*Provided records:*

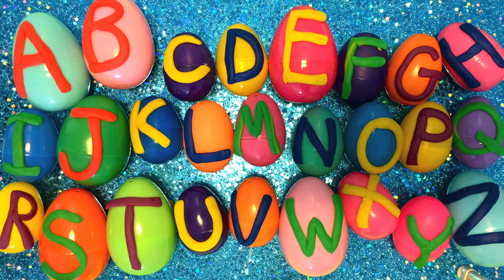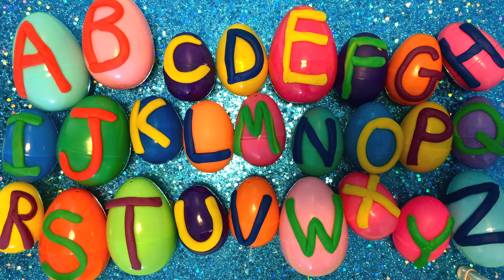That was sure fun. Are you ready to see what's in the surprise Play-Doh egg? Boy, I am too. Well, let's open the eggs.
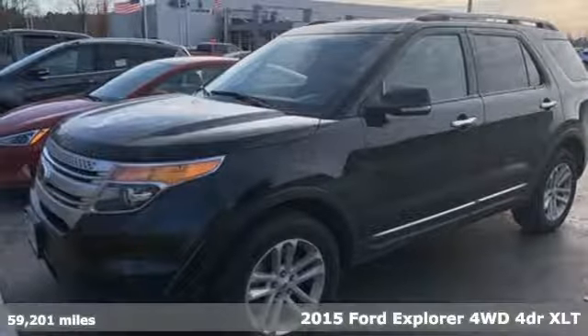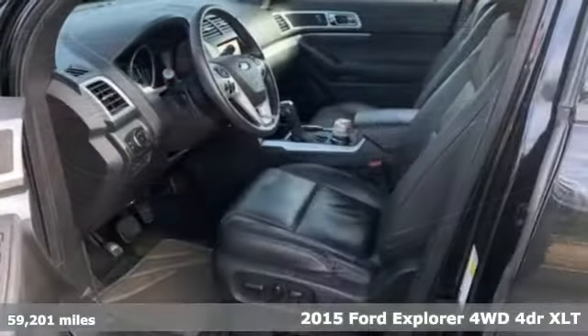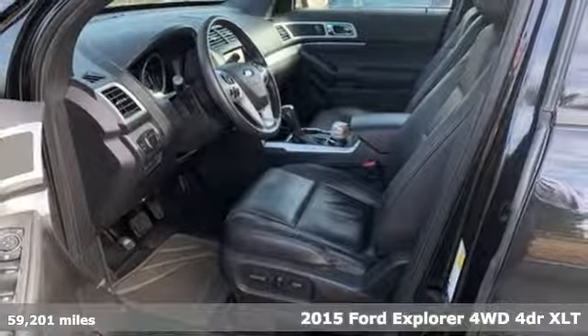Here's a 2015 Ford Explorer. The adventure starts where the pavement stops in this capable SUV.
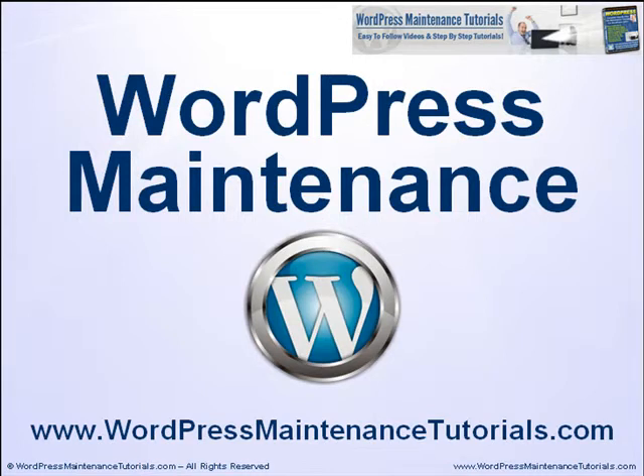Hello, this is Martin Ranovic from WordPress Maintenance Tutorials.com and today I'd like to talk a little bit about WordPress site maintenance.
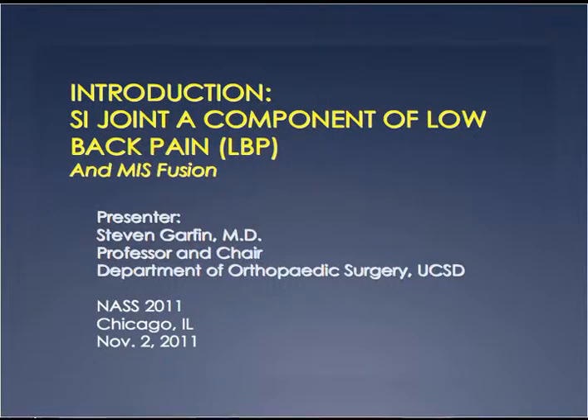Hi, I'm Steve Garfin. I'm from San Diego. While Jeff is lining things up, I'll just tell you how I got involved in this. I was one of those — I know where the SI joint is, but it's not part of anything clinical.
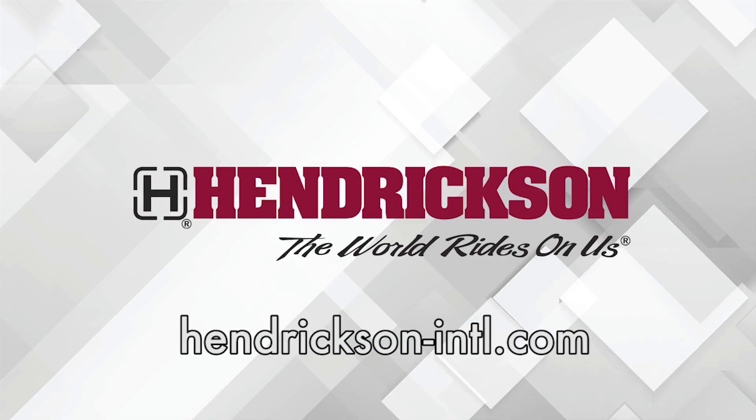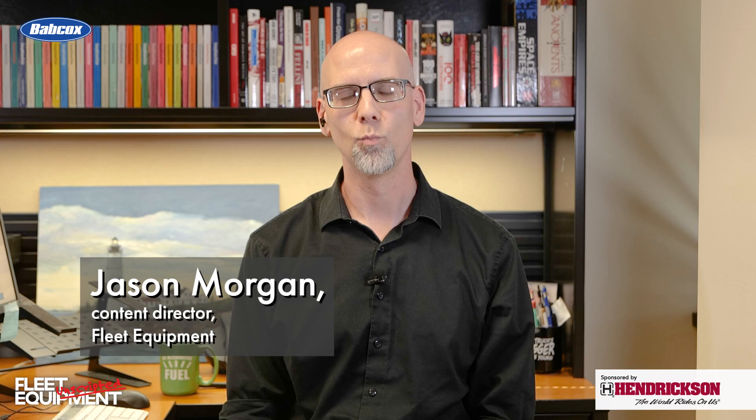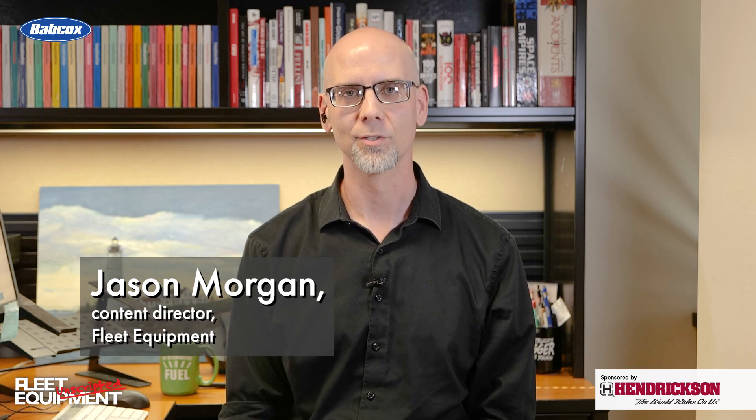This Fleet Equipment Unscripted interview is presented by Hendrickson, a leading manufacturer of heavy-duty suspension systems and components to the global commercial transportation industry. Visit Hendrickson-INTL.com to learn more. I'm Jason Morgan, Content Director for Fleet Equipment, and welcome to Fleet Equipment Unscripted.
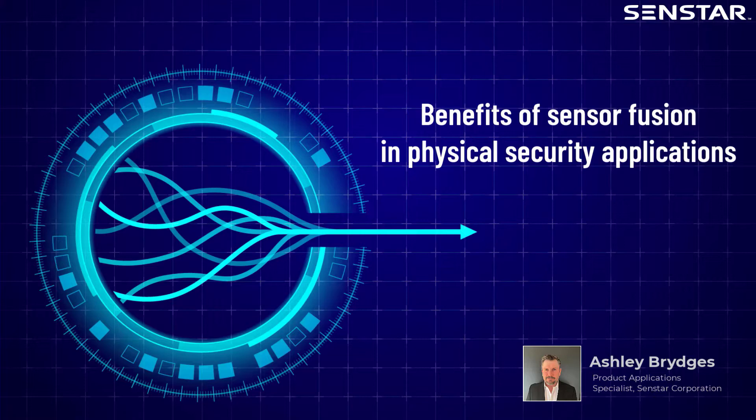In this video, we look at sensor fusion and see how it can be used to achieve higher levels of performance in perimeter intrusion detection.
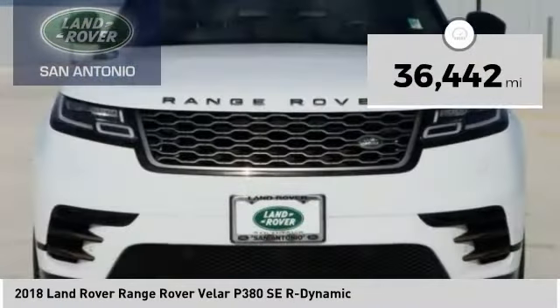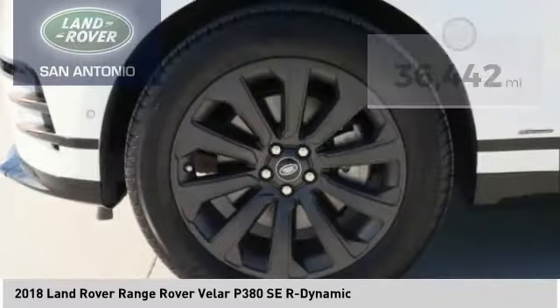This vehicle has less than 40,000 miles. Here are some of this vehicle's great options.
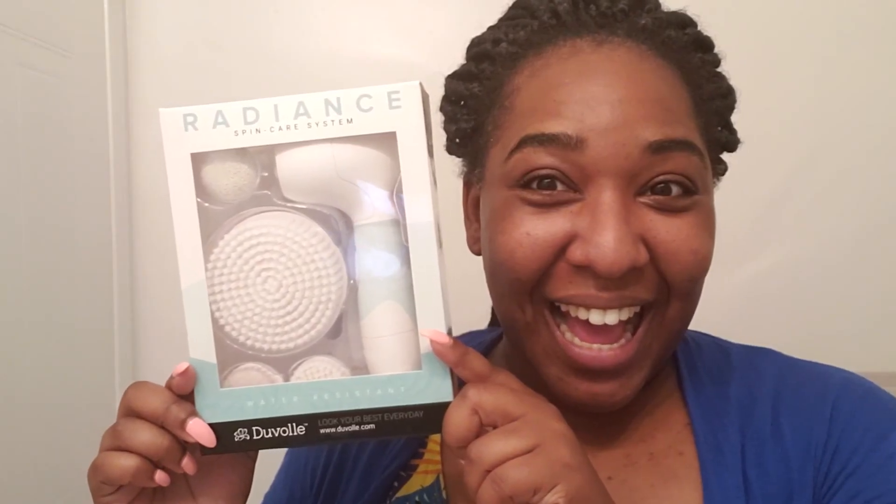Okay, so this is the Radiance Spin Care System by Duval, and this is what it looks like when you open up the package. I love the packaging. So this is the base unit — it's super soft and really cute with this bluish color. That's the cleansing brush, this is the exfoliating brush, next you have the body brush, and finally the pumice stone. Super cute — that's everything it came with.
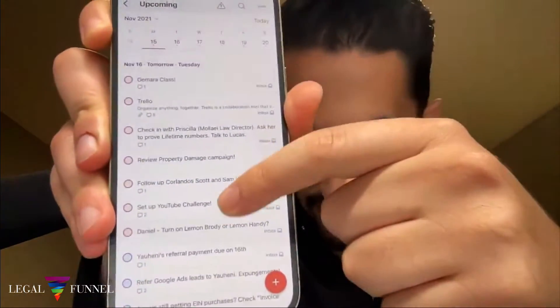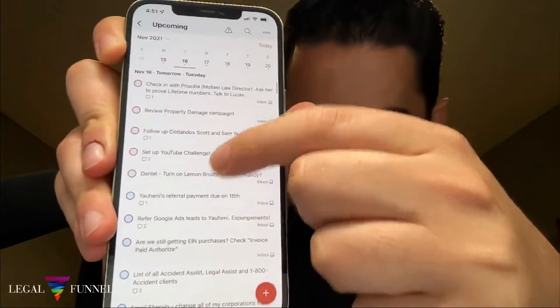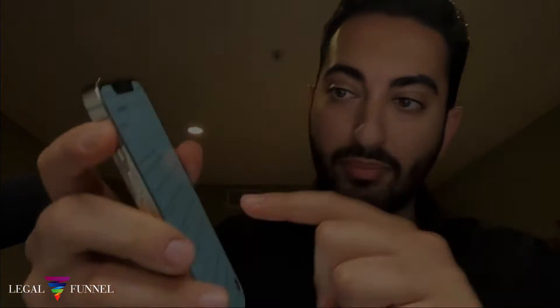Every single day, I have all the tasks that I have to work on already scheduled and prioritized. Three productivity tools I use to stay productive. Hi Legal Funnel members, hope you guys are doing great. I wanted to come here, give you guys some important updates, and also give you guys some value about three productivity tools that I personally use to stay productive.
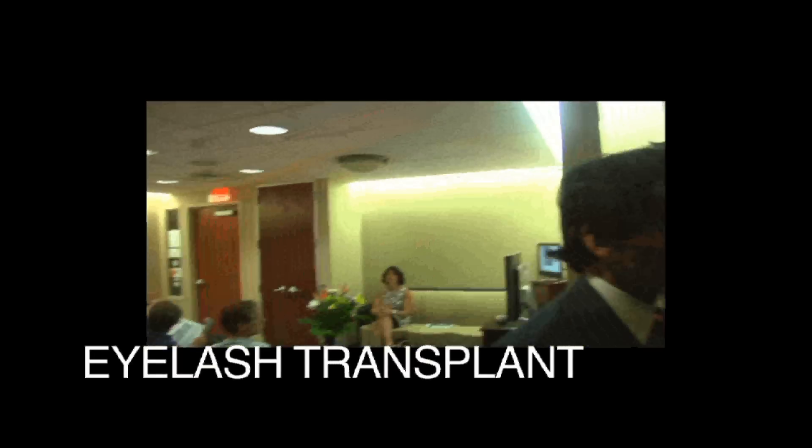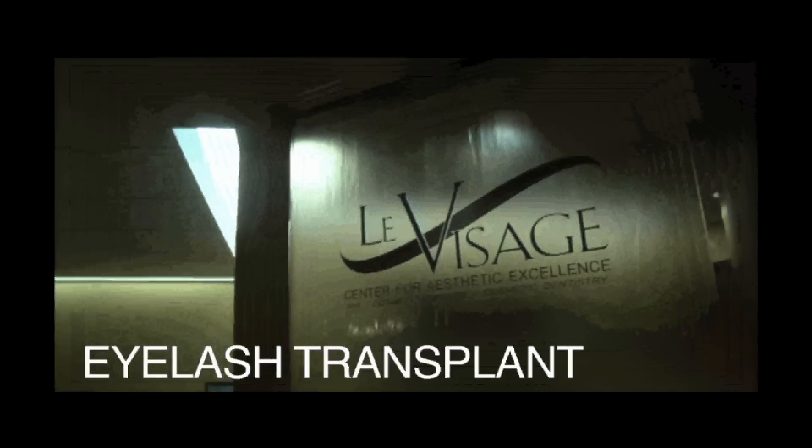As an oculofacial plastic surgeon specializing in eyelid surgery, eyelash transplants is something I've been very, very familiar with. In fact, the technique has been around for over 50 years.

*Exercise prompt:*
Would you output, word for word, only the lines running from the line with "Okay, so this" to the end of the listing above, both ends included, with no pictures?

*Answer area:*
Okay, so this is the Radiance Spin Care System by Duval, and this is what it looks like when you open up the package. I love the packaging. So this is the base unit — it's super soft and really cute with this bluish color. That's the cleansing brush, this is the exfoliating brush, next you have the body brush, and finally the pumice stone. Super cute — that's everything it came with.
Every single day, I have all the tasks that I have to work on already scheduled and prioritized. Three productivity tools I use to stay productive. Hi Legal Funnel members, hope you guys are doing great. I wanted to come here, give you guys some important updates, and also give you guys some value about three productivity tools that I personally use to stay productive.
As an oculofacial plastic surgeon specializing in eyelid surgery, eyelash transplants is something I've been very, very familiar with. In fact, the technique has been around for over 50 years.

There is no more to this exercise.